Martin Lindstrom, an engaging and respected business analyst and international brand-building advisor, has written the bestseller Buyology and just published his new work Small Data. This book looks at the tiny clues which uncover big trends in a way which Big Data databases cannot hope to match. Lindstrom interviews thousands of people in their homes, looking at those themes and things which evoke emotion in consumers. A vibrant, idiosyncratic and challenging book!
Harvard professor Amy Cuddy’s Ted Talk on “power poses” has inspired tens of millions of viewers who are shown how to use their body language to unlock their own confidence. Her new book Presence: Bringing your boldest self to your biggest challenges shows us the science behind Cuddy’s technique – not “Fake it ‘til you make it” but “Fake it ‘til you become it.” Presence is a manifesto for students and managers facing intimidating challenges, for young girls who need to bolster their self-esteem – in short, for all of us who need to get our minds and bodies working together to promote our ideas. Cuddy shared a personal anecdote with me about a son who spent five minutes every morning striking a power pose with his father and rediscovered for a brief moment the man he had lost to dementia. A fabulous concept, a great read. Watch our website for an announcement of Cuddy’s visit to Amsterdam. We are working on it!! In the meantime, you can watch Cuddy’s Ted Talk here:
The Canadian author Patrick DeWitt, whose Booker short-listed Sisters Brothers brilliantly parodied the traditional Western, plays with the “folk tale noir” in the recently released comic novel Under Majordomo Minor. The puny Lucien Minor, aka Lucy, leaves his Middle European village to seek his fortune in the gothic castle of an absent baron. The story proceeds from one quirky scene of train pickpockets to a party of debauched aristocrats and a shakily satisfying tale of young love. DeWitt writes with marvellous absurdity and strictly on his own terms. Enjoy but expect the unexpected.

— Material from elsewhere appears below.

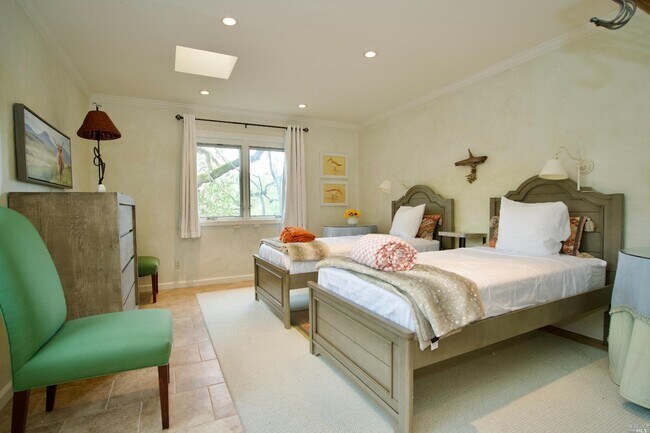 Building Photo - 1571 Silver Trail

Stefan Zweig, a prolific and popular Austrian writer (1882-1942) is perhaps best known now for his autobiography, The World of Yesterday. Penguin has just issued in its Modern Classics series a new translation of Ungeduld des Herzens which originally appeared as Beware of Pity and has been renamed Impatience of the Heart. This is a fabulously dramatic tale of a gallant and naive soldier who, with the best of intentions, lets his pity for a young crippled aristocrat entangle him in a complex relationship in interbellum Europe. Zweig is a master craftsman and a great storyteller.
At the Water’s Edge by Sara Gruen recounts the rather unlikely story of spoiled American upper class socialites who head to Scotland, determined to prove the existence of the Loch Ness monster – and this in the midst of the WWII U-boat attacks on the High Seas. While the plot is predictable – (the bored young wife, Maddie, learns about real life), Gruen’s skills as an author (Water for Elephants) manifest themselves and this turns out to be a page-turner. Certainly the perfect airplane read!
All American Boys, a compelling and highly acclaimed Young Adult novel by authors Jason Reynold and Brendan Kiely, erupts with a shocking incident of police brutality against the young African-American high school student Rashad. Reynolds is the voice of Rashad and Kriely portrays the white teen Quinn who witnesses the attack and wants nothing more than to have life return to normal. This exploration of racism focuses on the role each of us plays in building walls instead of bridges between our communities. See the detailed review by the New York Times. For teachers, read this in parallel with Ralph Ellison’s classic The Invisible Man and Ta-Nehisi Coates memoir of his father, The Beautiful World and his letter to his young son, Between the World and Me.